その結果,血栓除去術群でも90日死亡率は24%と,従来の報告に比較すれば少し高い.これには,病院前システム,医療資源,入院後ケア,リハビリなどの違いが反映されている可能性はある.一方,良好な機能予後の割合に関しては,血栓除去術群の方が対照群より有意に高く,発展途上国の公的病院でも急性期脳主幹動脈閉塞に対する血栓除去術が有効であることを示した.

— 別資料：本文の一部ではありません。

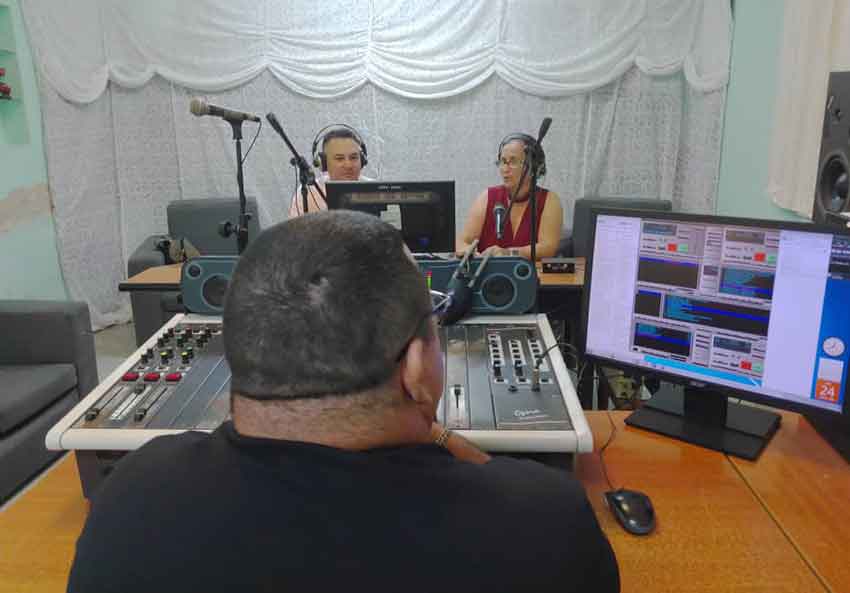 La emisora puerto padrense Radio Libertad celebra 85 años "en el aire".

2018年のOECD統計によればブラジルの国民一人あたりの健康関連支出(Health spending)は1300米ドル/年で,日本を含めたOECDの平均4000米ドルの約1/3に過ぎない(文献3).一方,ブラジルには日本の国民皆保険のようなSUSと呼ばれる公的保険があり,任意での全員加入で,薬剤費を除きすべて無料である.ただし,各医療行為に対するSUSの給付額は,民間医療保険に比較して極めて低い.
したがって,今後ブラジルのような限られた医療資源の国家や地域で,機械的血栓除去術が標準的な治療として定着するためには,治療必要数(NNT),医療費,費用-効果の解析も必要であると思われる.